Thanks, I'm glad I got something right. :)

Yes, your title works, it's accurate and it's fine, but it's bland and I don't do bland. I think extortionately does apply to this, so it all just boils down to... opinion. Again, lol. It gets across the "WTF!!" factor any poor buyer in the market for a hard drive right now feels. I think this is just splitting hairs now, seriously. Hard drives are very expensive right now, regardless of the exact words one uses.

Can we call a truce now please?!
Posted on Reply
#5
n-ster
by: Easy Rhino
whatever. i just have different expectations for news i guess. but i won't stop bringing up my issues with his news in his news thread. if i read something i know to be incorrect im going to call him out on it. otherwise he will never learn to tone down the rhetoric and write professionally.
I don't mind you calling him out, I mind you calling him out HERE... qubit said it again and I'll say in another time, this is not the place for these comments. Why?
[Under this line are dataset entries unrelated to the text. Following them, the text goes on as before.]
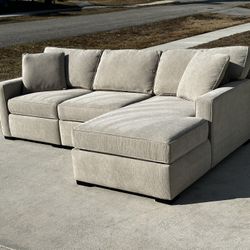 Beige Sectional Couch - Delivery Included 🛻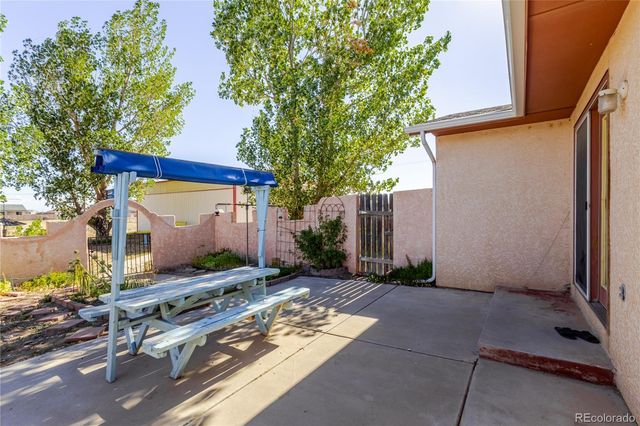 1148 E Dove Creek Drive, Pueblo West, CO 81007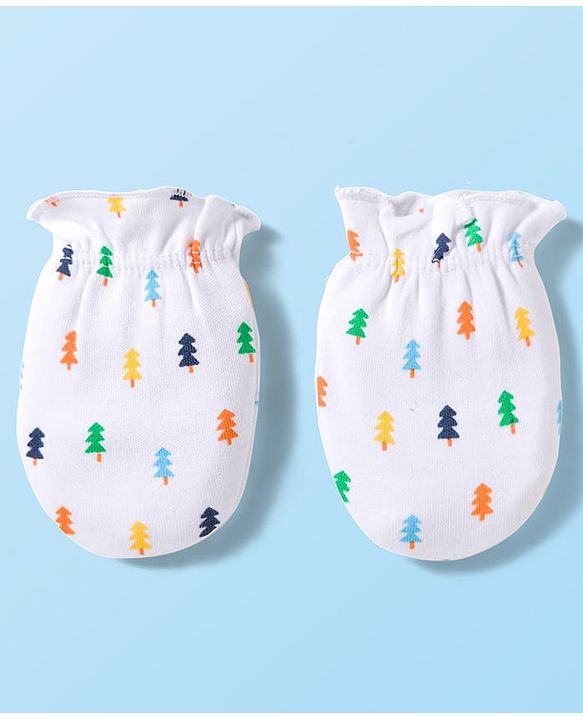 Babyhug 100% Cotton Knit Mittens and Bootie Set with Tree - White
It derails the thread and it craps the thread (and by that I do not mean you posts are crap, I mean that the thread is derailed and gone in a completely different direction). TBH I see your point. I like qubit's style but not everyone does, but people mistakenly think the qubit doesn't know this. HE KNOWS. There are many places where you can call him out, including PMs, "what's wrong with our forum" and "Our News, your views" threads.

This is why mods usually try to stop the MAC vs PC and INTEL vs AMD comments as they derail threads. The qubit vs not qubit style is what happened here. I mean look at the thread! You can't in all honesty tell me this "calling out" didn't derail the thread

by: Easy Rhino
the article itself is pretty good, i just take issue with the title as it is misleading. qubit you have to understand people will react negatively to you injecting your bias into a news article. people want facts so they can make up their own mind.
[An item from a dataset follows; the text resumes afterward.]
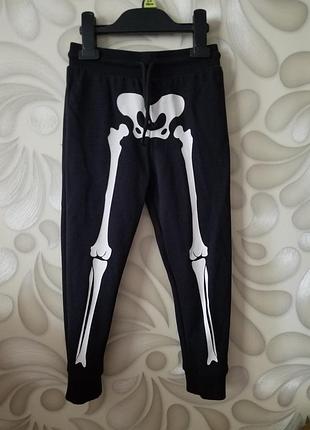 Спортивные штаны джоггеры хеллоуин 4-5 лет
i dont think these prices are extortionately high so i don't believe you should have used that word. i believe the prices are actually an accurate reflection of market price after a major disaster. a good title would have been "HDD prices to remain high as supplies tighten."
Isn't high technically an opinion too? You could see HDD prices being a steal, and now they are less cheap or normal. Yes the prices are higher, but not necessarily high. I admit the word "remain" neutralizes this point somewhat. Just trying to point out there can be "opinion" in many news titles that you might find appropriate.

Again though, the "extortionately" can mean with extortion, but it can also mean that it exceeds the customary, and the later is true and perhaps the best neutral way of saying it.
Posted on Reply
#6
erocker
by: n-ster
I don't mind you calling him out, I mind you calling him out HERE... qubit said it again and I'
ll say in another time, this is not the place for these comments. Why? It derails the thread and it craps the thread (and by that I do not mean you posts are crap, I mean that the thread is derailed and gone in a completely different direction). TBH I see your point. I like qubit's style but not everyone does, but people mistakenly think the qubit doesn't know this. HE KNOWS. There are many places where you can call him out, including PMs, "what's wrong with our forum" and "Our News, your views" threads.

This is why mods usually try to stop the MAC vs PC and INTEL vs AMD comments as they derail threads. The qubit vs not qubit style is what happened here. I mean look at the thread! You can't in all honesty tell me this "calling out" didn't derail the thread



Isn't high technically an opinion too? You could see HDD prices being a steal, and now they are less cheap or normal. Yes the prices are higher, but not necessarily high. I admit the word "remain" neutralizes this point somewhat. Just trying to point out there can be "opinion" in many news titles that you might find appropriate.

Again though, the "extortionately" can mean with extortion, but it can also mean that it exceeds the customary, and the later is true and perhaps the best neutral way of saying it.
I think qubit can defend himself. Let's get back on topic now.
Posted on Reply
#7
Neuromancer
Back On topic, to both the article and the title.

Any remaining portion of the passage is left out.